Understand exceptions to these!
- The MO must be found in abundance in all organisms suffering from the disease, but should not be found in healthy organisms
- The MO must be isolated from a diseased organism and grown in pure culture
- The cultured MO should cause disease when introduced into a healthy organism
- The MO must be reisolated from the inoculated, diseased experimental host and identified as being identical to the original specific causative agent.
TRUE of FALSE? Most of the bacteria in the world is harmful?
FALSE
What does the bacterial taxonomy show us?
The spectrum of helpful and harmful bacteria
What are the primary bacterial shapes? What are the 2 intermediate shapes?
Primary
1. Coccus
2. Bacillus
3. Spiral
Intermediate
1. Coccobacillus
2. Vibrio
What are the 3 general bacterial shapes?
- Spheres - Cocci
- Rods - Bacilli
- Spirals
What are the 3 characteristics of Flagella?
- Presence is species/strain dependent
- Motility
- Number and arrangements vary
What are the 5 characteristics of Pili/ Fimbriae?
- Hair-like
- fimbriae shorter than pili
- Adhere and attach to surfaces
- F or sex pilus used for transfer of genetic materials from one bacteria to another
- Can provide resistance against engulfment by phagocytes
Gram negative bacteria cell wall structure….
THIN
Has LPS
Has toxins
Gram positive bacteria cell wall structure….
THICK
Peptidoglycan wall
STIFF
Gram negative bacteria stains…..
Pink
Gram positive bacteria stains…..
Purple
What are the 5 pts in bacterial reproduction?
- Cell replicates DNA
- Cytoplasmic membrane elongates separating DNA molecules
- Cross wall forms membrane invaginates
- Cross wall forms completely
- Daughter cells
What bacteria can form endospores and under what conditions?

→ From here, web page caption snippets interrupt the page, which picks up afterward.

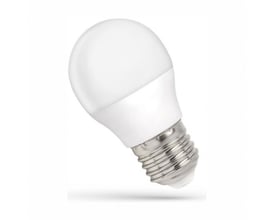 SpectrumLED G45 LED-pære med hvid, rund skærm og E27-skruefatning, 1 W og varm hvidt lys på 3000 K.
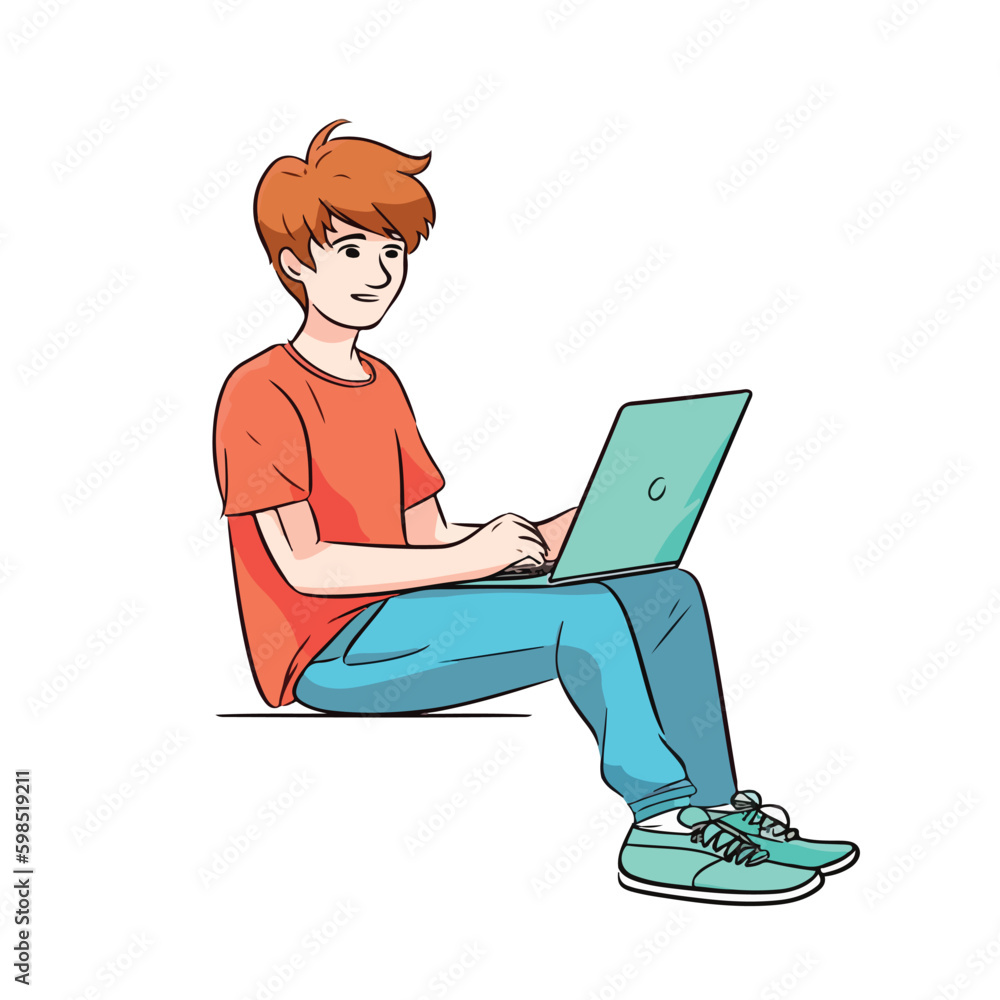 Cute little boy working and studying using laptop cartoon flat character vector illustration Cute little boy working and studying using laptop cartoon flat character vector illustration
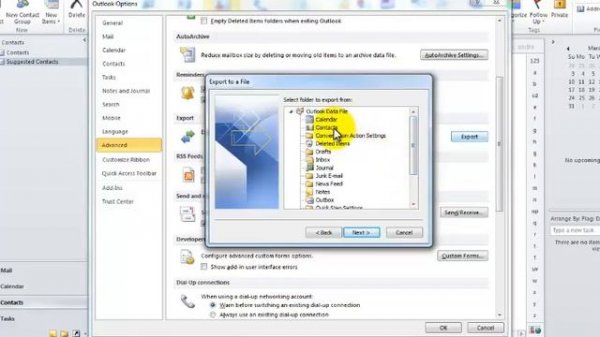 Export Outlook 2010 Contacts & AutoComplete Cache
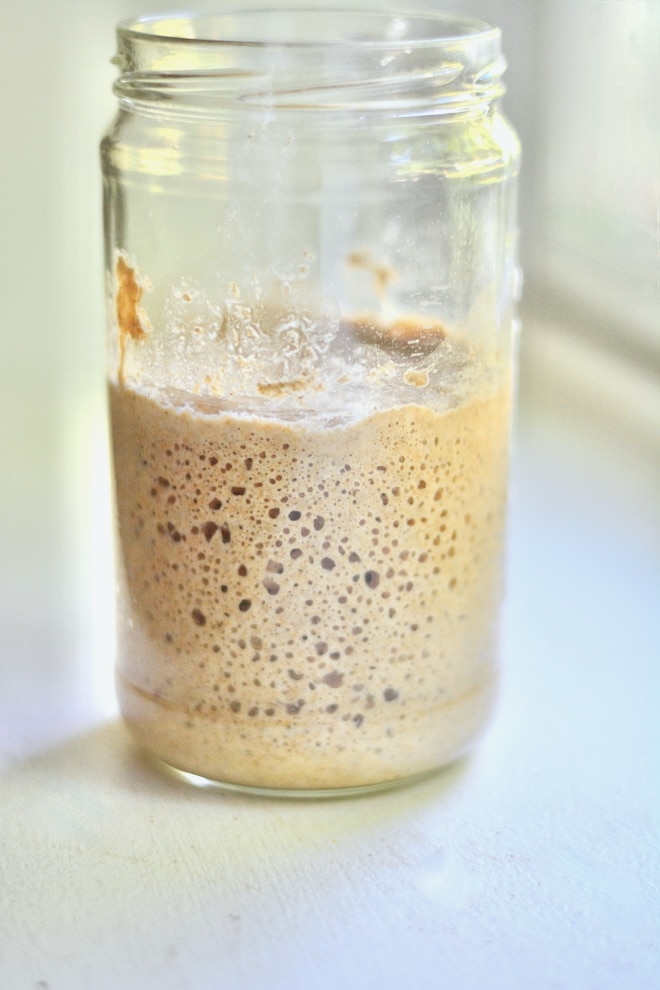jar of sourdough starter fed with rye wheat berries... fresh flour sourdough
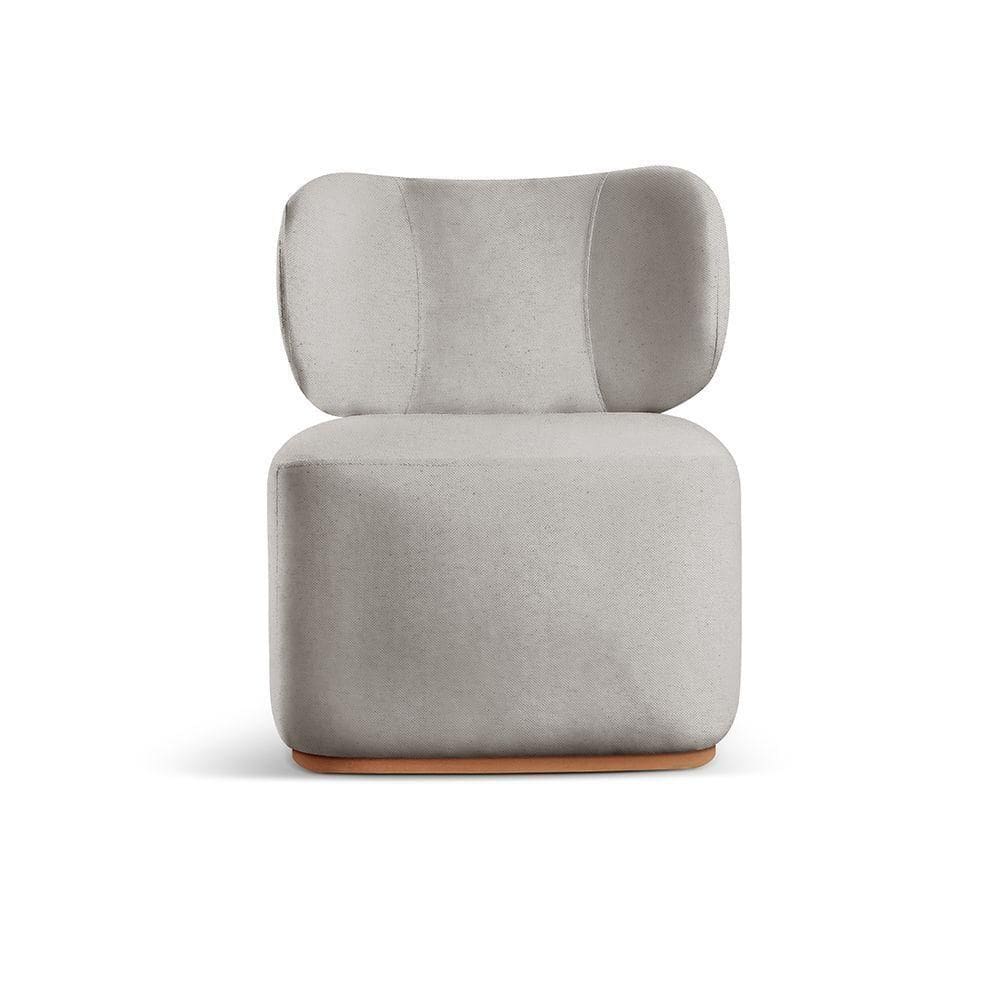 Poltrona Para Sala De Estar Moderna Sun linho Cinza 101
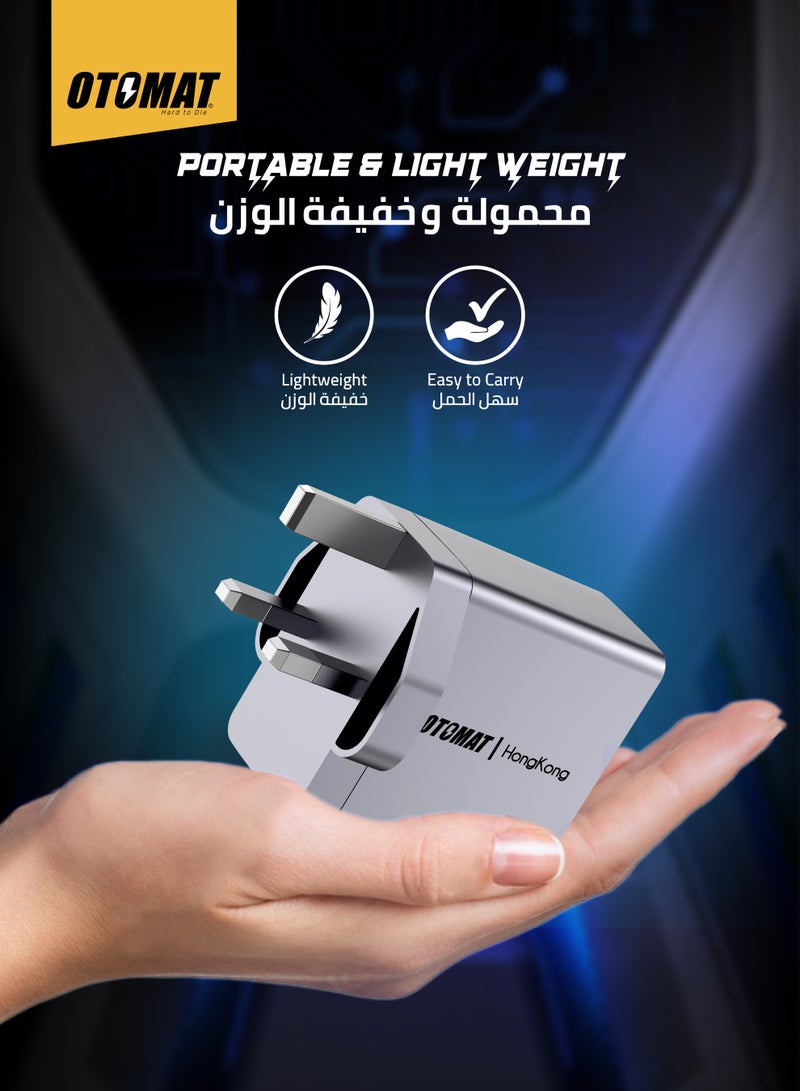 OTOMAT 100W Fast Charger – 4 Ports (USB-C PD, USB-A, Lightning) – GaN Technology, High-Speed Charging for iPhone, MacBook, Samsung Galaxy, iPad, Xiaomi, AirPods, Power Banks, and More – Black - Image 5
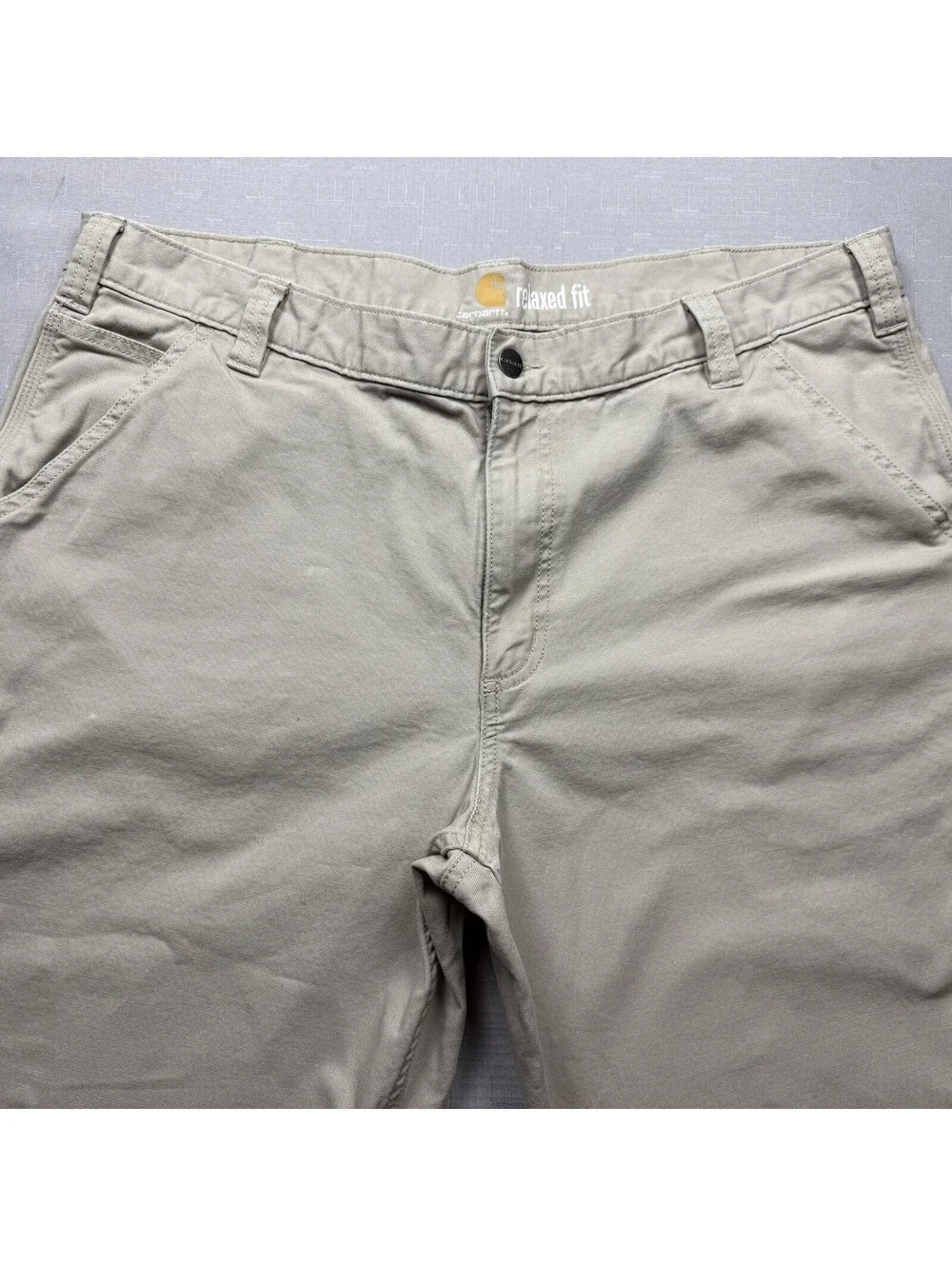Carhartt Relaxed Fit Canvas Work Pants Mens 40x28 Khaki Beige Utility Work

Gram positive bacteria under stressful environments
What is special about endospores?
- They can survive environmental assaults that would normally kill the bacterium
- Endospores make them of particular importance because they are not readily killed by many antimicrobial treatments
What is a true pathogen?
Infectious agent that causes disease in virtually any susceptible host
What is an opportunistic pathogen?
Normally harmless and causes disease when the normal flora is disrupted or when the host is immunocompromised
What is the bacterial pathogenesis cycle for true pathogens?
- Transmission
- Adhesion
- Invasion
- Survival in the host
- Pathology to host
What is the bacterial pathogenesis cycle for opportunistic pathogens?
- Transmission
- Colonization
- Invasion
- Survival in the host
- Pathology to host
What does adhesion involve on the molecular level?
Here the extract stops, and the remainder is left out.